» EXERCISE PROMPT: The lines to copy run from the one containing "Nissan Terrano 2.0 AT, 2018, 84 000 км" to the last line of the entries; output those lines exactly and only them, without pictures.

Image-caption web data
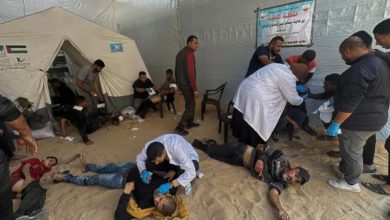 وزارة الصحة غزة: عشرات الشهداء ملقون في الشوارع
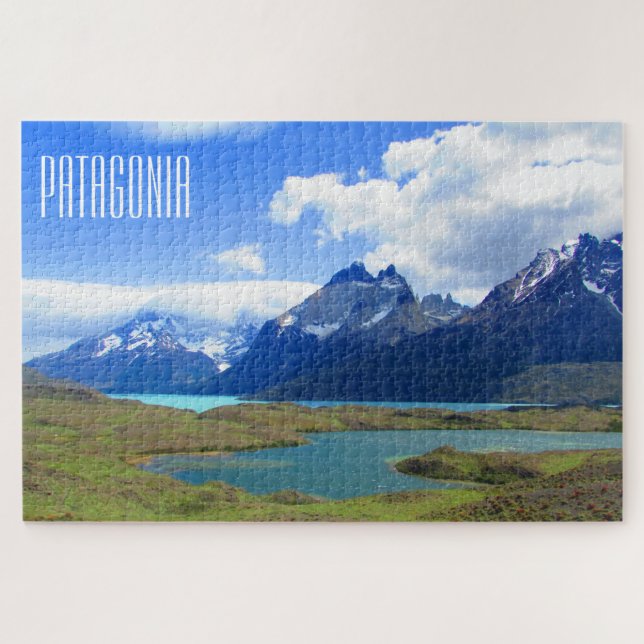 scenic patagonia jigsaw puzzle (Horizontal)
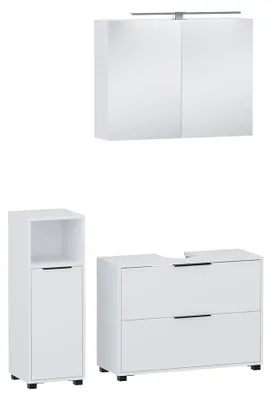 Immagine prodotto di Set di mobili da bagno Vicco Alina Bianco 3 parti, Model 59652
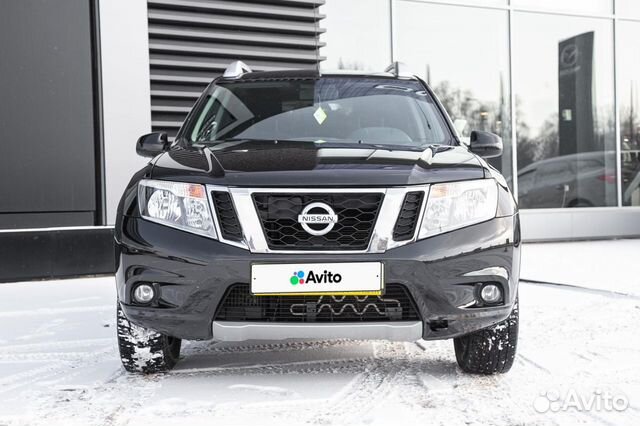 Nissan Terrano 2.0 AT, 2018, 84 000 км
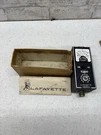 Lafayette Swr & Field Strength Meter 99-25835 Japan Missing Glass Untested. Fixed Price $5.99.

» RESULT FOR THIS TASK:
 Nissan Terrano 2.0 AT, 2018, 84 000 км
 Lafayette Swr & Field Strength Meter 99-25835 Japan Missing Glass Untested. Fixed Price $5.99.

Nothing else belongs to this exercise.